I find this way to do it (and what drawbacks I see, please, fix me if I wrong):
Apache Spark (drawbacks: heavy solution, more better for BigData, slow if you need getting up-to-date informations without cached it in Spark),
Distributed queries in SQL server (Database link of Oracle, Linked server of Microsoft SQL Server, Power Query of Excel) - drawbacks: problem with change data sources dynamically by java program and problem with working with Excel,
Prestodb (drawbacks: heavy solution, more better for BigData),
Apache Drill (drawbacks: quite young solution, some problem with not latest odbc drivers and some bugs when working),
Apache Calcite (ligth framework that be used by Apache Drill, drawbacks: quite young solution yet),
Do join from data sources manually (drawbacks: a lot of work to develop correct join, "group by" in result set, find best execution plan and so on)
May be, do you know any other way (using free open-source solutions) or give me any advice from your experience about ways in above? Any help would be greatly appreciated.

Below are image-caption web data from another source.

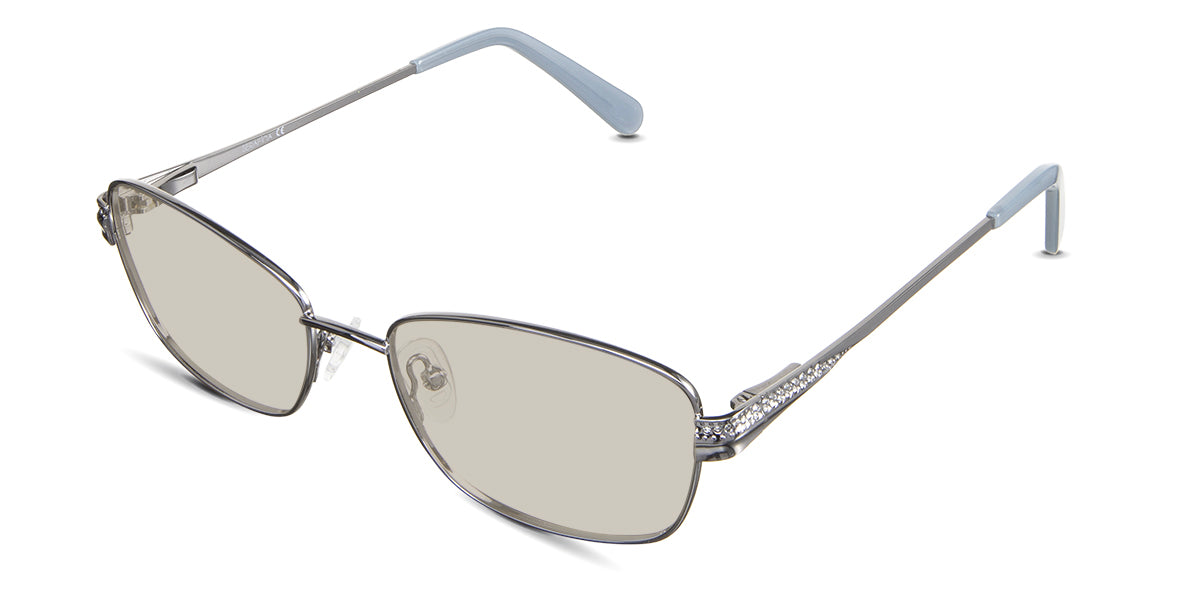 Esther Women's Prescription Tinted Glasses - Stylish & UV Protection for Reading, Driving & Outdoor Activities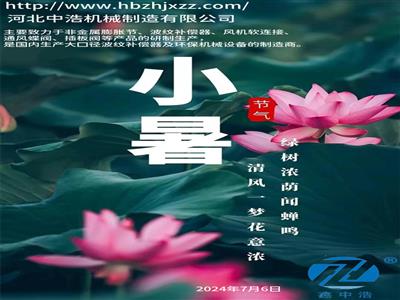 小暑-直埋補(bǔ)償器-膨脹節(jié)水壓測(cè)試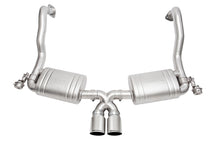 Load image into Gallery viewer, SOUL 15-16 Porsche 981 GT4 / Spyder Performance Exhaust - Straight Cut Signature Satin Tips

UnityJDBC is a commercial JDBC Driver that wraps multiple datasoruces and allows you to treat them as if they were all part of the same database. It works as follows:
You define a "schema file" to describe each of your databases. The schema file resembles something like:
...
<TABLE>
<semanticTableName>Database1.MY_TABLE</semanticTableName>
<tableName>MY_TABLE</tableName>
<numTuples>2000</numTuples>
<FIELD>
<semanticFieldName>MY_TABLE.MY_ID</semanticFieldName>
<fieldName>MY_ID</fieldName>
<dataType>3</dataType>
<dataTypeName>DECIMAL</dataTypeName>
...
You also have a central "sources file" that references all of your schema files and gives connection information, and it looks like this:
<SOURCES>
<DATABASE>
<URL>jdbc:oracle:thin:@localhost:1521:xe</URL>
<USER>scott</USER>
<PASSWORD>tiger</PASSWORD>
<DRIVER>oracle.jdbc.driver.OracleDriver</DRIVER>
<SCHEMA>MyOracleSchema.xml</SCHEMA>
</DATABASE>
<DATABASE>
<URL>jdbc:sqlserver://localhost:1433</URL>
<USER>sa</USER>
<PASSWORD>Password123</PASSWORD>
<DRIVER>com.microsoft.sqlserver.jdbc.SQLServerDriver</DRIVER>
<SCHEMA>MySQLServerSchema.xml</SCHEMA>
</DATABASE>
</SOURCES>
You can then use unity.jdbc.UnityDriver
to allow your Java code to run SQL that joins across databases, like so:
String sql = "SELECT *\n" +
"FROM MyOracleDB.Whatever, MySQLServerDB.Something\n" +
"WHERE MyOracleDB.Whatever.whatever_id = MySQLServerDB.Something.whatever_id";
stmt.execute(sql);
So it looks like UnityJDBC provides the functionality that you need, however, I have to say that any solution that allows users to execute arbitrary SQL that joins tables across different databases sounds like a recipe to bring your databases to their knees. The solution that I would actually recommend to your type of requirements is to do ETL processes from all of your data sources into a single data warehouse and allow your users to query that; how to define those processes and your data warehouse is definitely too broad for a stackoverflow question.